RECORDED INFORMATION ->
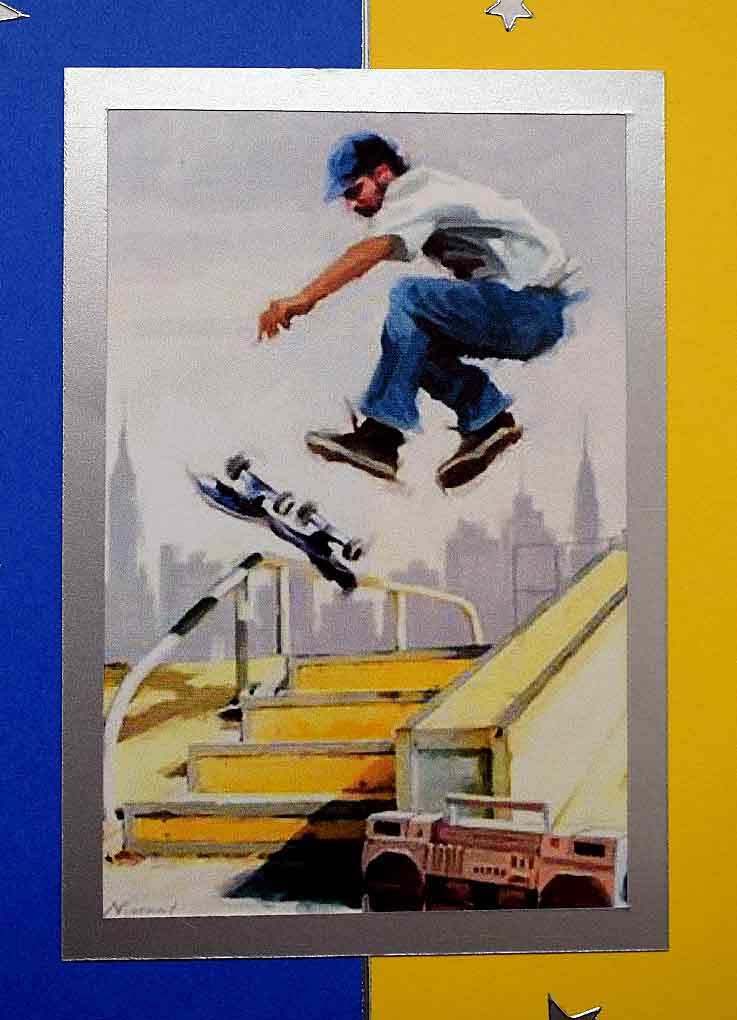 Carte pour ado où diverses occasions , acrobatie de skateur
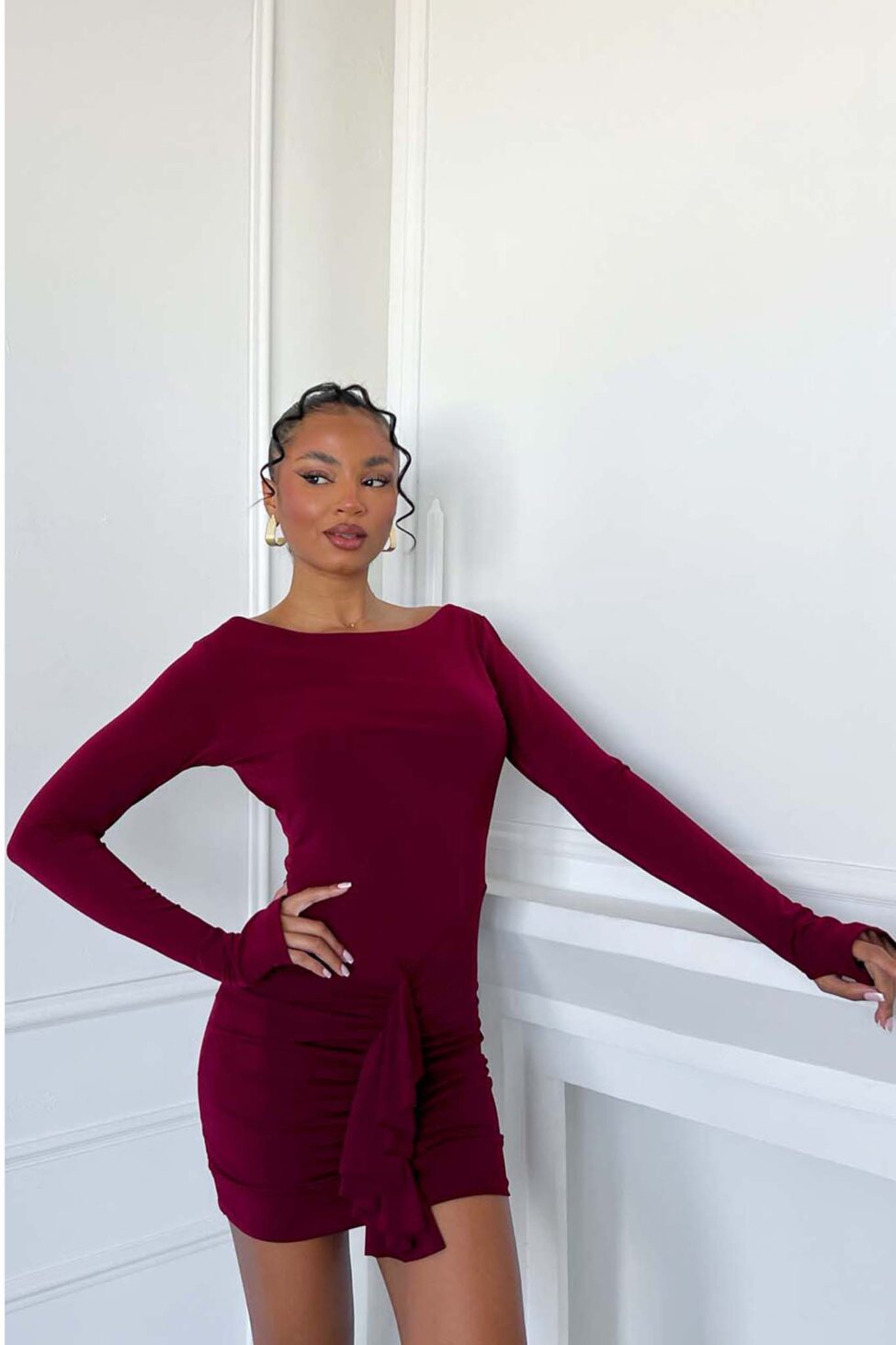 Gionela Φόρεμα Mini Εξώπλατο μπορντό - Image 2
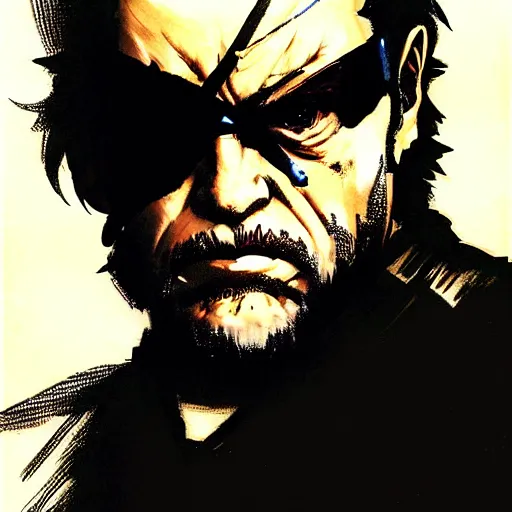 Prompt: beautiful videogame concept art of danny devito from metal gear solid, by yoji shinkawa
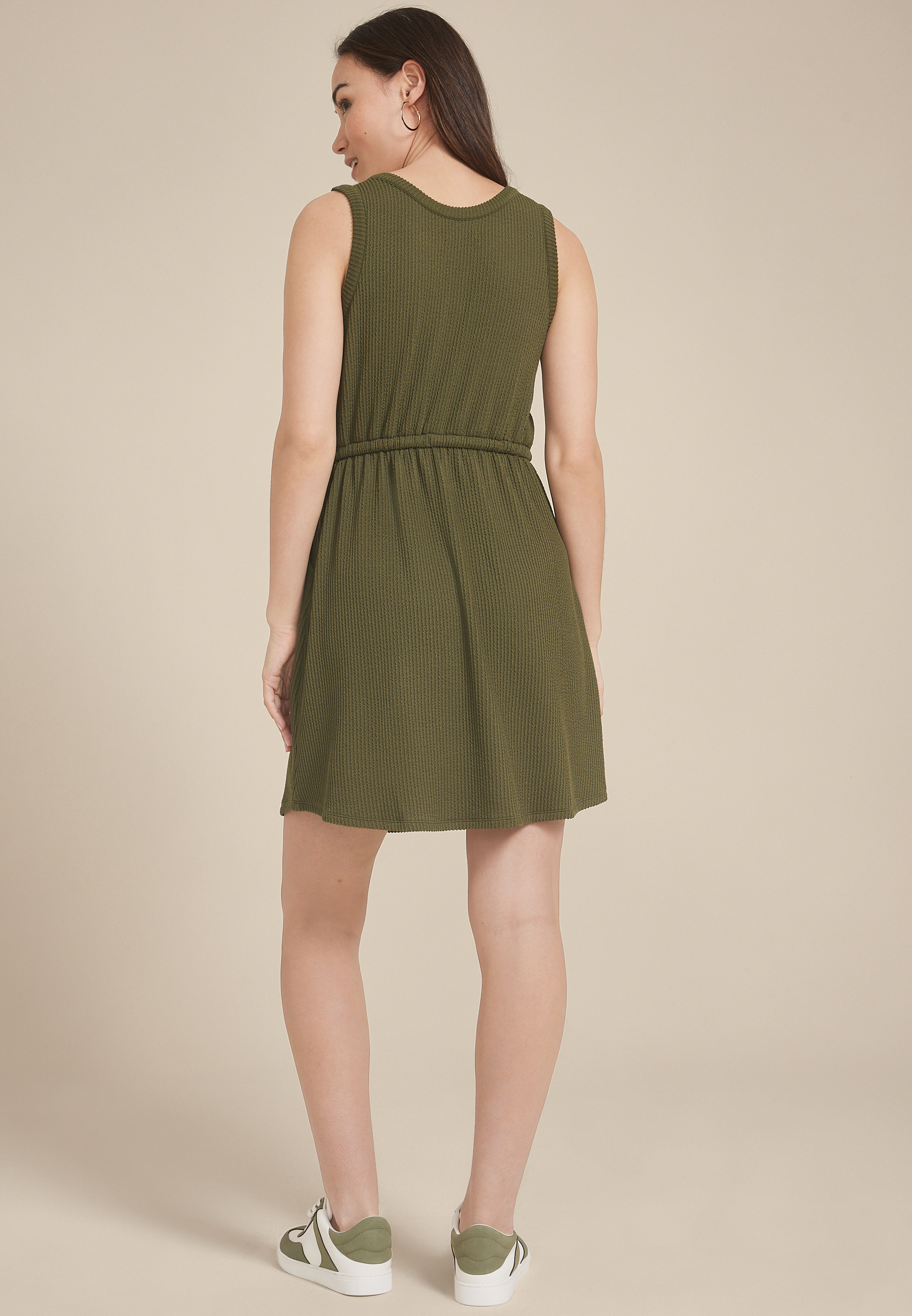24/7 Bare Henley Wavy Rib Dress | maurices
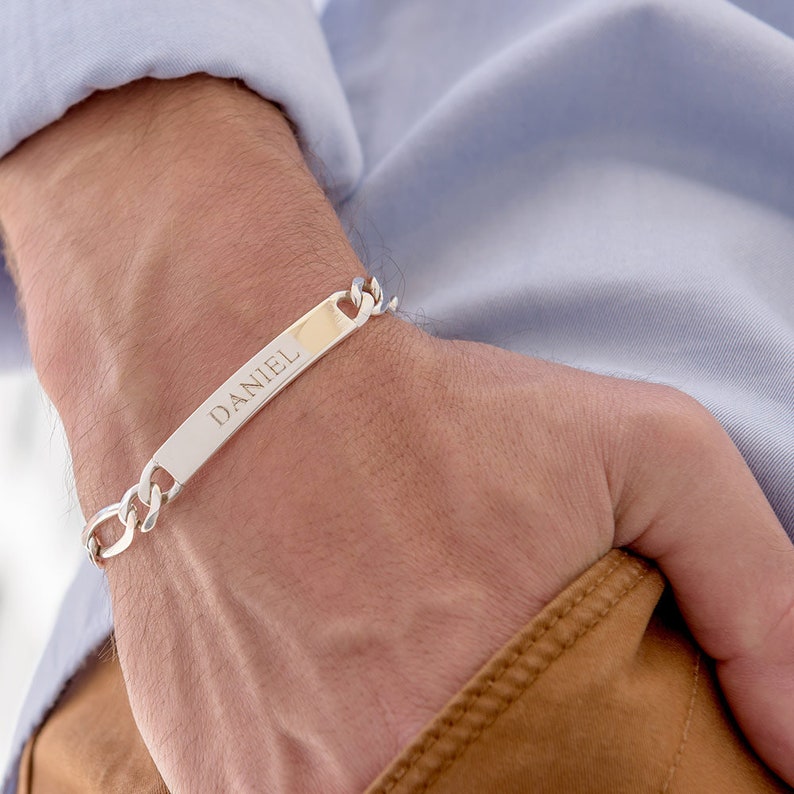 Personalized Men's ID Bracelet with Engraving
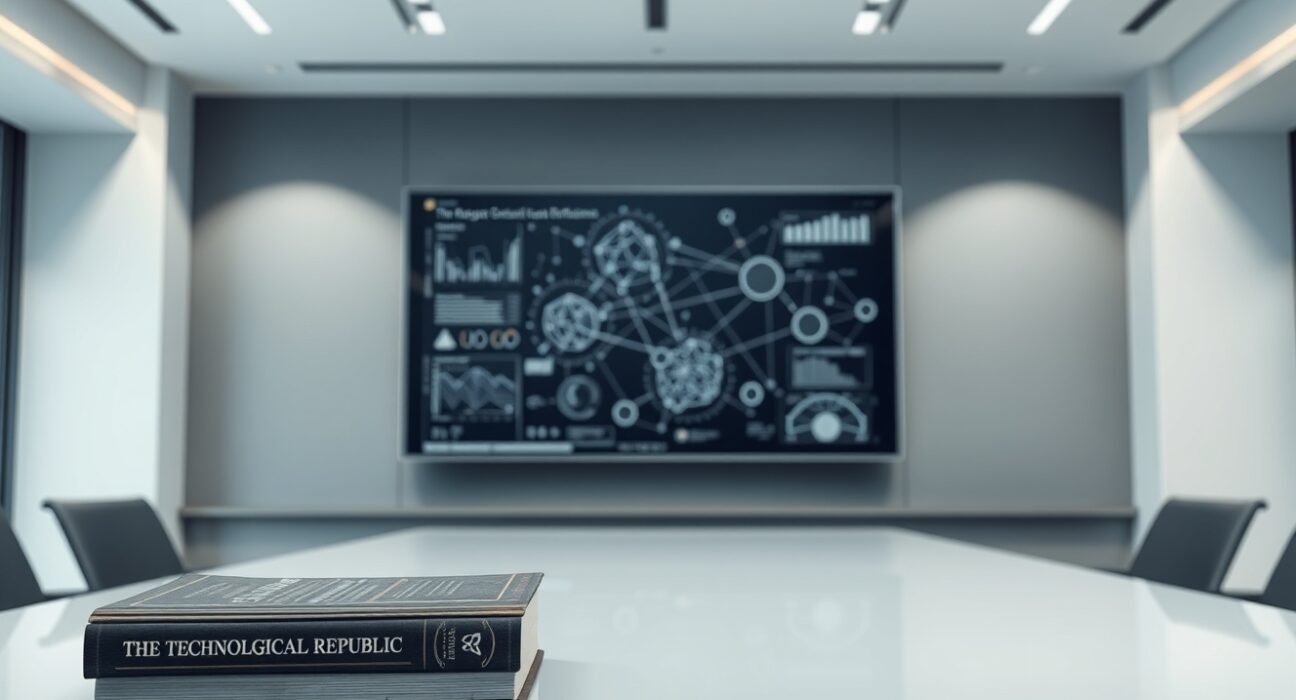 Palantir's corporate ideology displayed in boardroom setting with The Technological Republic book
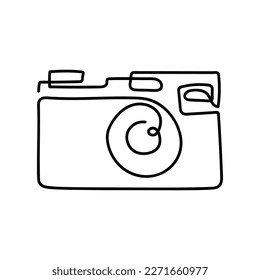 Doodle illustration of a camera isolated on a white background. Camera icon drawn by hand. Vector illustration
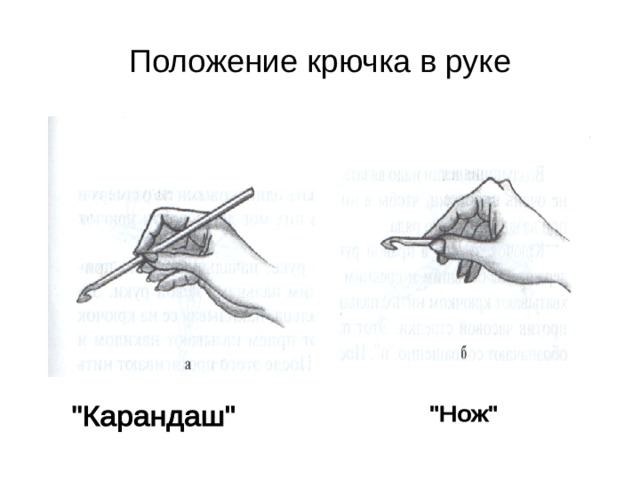 Положение крючка в руке 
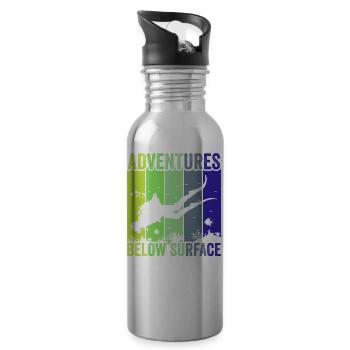 Plongée sous-marine, Plongée sous-marine, Vacances en mer - Gourde avec paille intégrée - argent clair - Droite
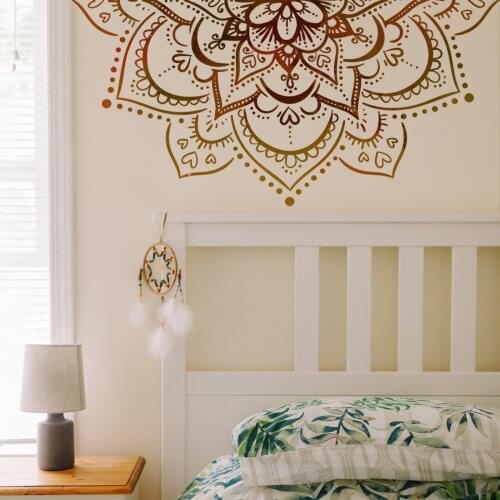 Creative Lotus Pattern Wall Stickers Headboard Bed Backdrop Wall Decoration Living Room Bedroom Decor Wallstickers Vinyl Mural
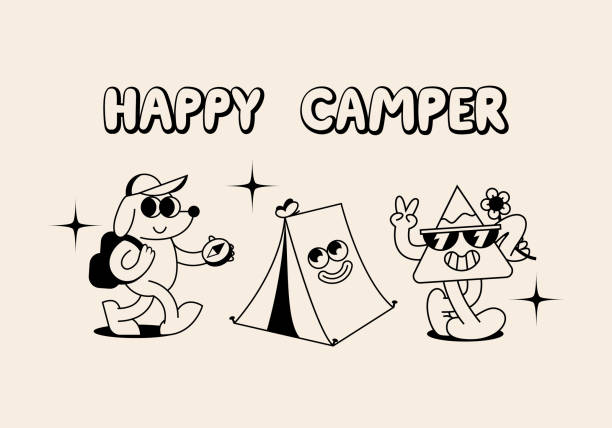 Set of Funny Retro Illustration. Vector Characters in Vintage Style. Outdoor Summer Camp Logo Set of Funny Retro Illustration. Vector Characters in Vintage Style. Outdoor Summer Camp Logo. hipster dog stock illustrations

WORK INSTRUCTION -> Leave out the pictures. Return exactly the lines from the first line of the records to the line bearing "Creative Lotus Pattern", inclusive.

WRITTEN RESPONSE ->
 Carte pour ado où diverses occasions , acrobatie de skateur
 Gionela Φόρεμα Mini Εξώπλατο μπορντό - Image 2
 Prompt: beautiful videogame concept art of danny devito from metal gear solid, by yoji shinkawa
24/7 Bare Henley Wavy Rib Dress | maurices
 Personalized Men's ID Bracelet with Engraving
 Palantir's corporate ideology displayed in boardroom setting with The Technological Republic book
 Doodle illustration of a camera isolated on a white background. Camera icon drawn by hand. Vector illustration
 Положение крючка в руке 
 Plongée sous-marine, Plongée sous-marine, Vacances en mer - Gourde avec paille intégrée - argent clair - Droite
 Creative Lotus Pattern Wall Stickers Headboard Bed Backdrop Wall Decoration Living Room Bedroom Decor Wallstickers Vinyl Mural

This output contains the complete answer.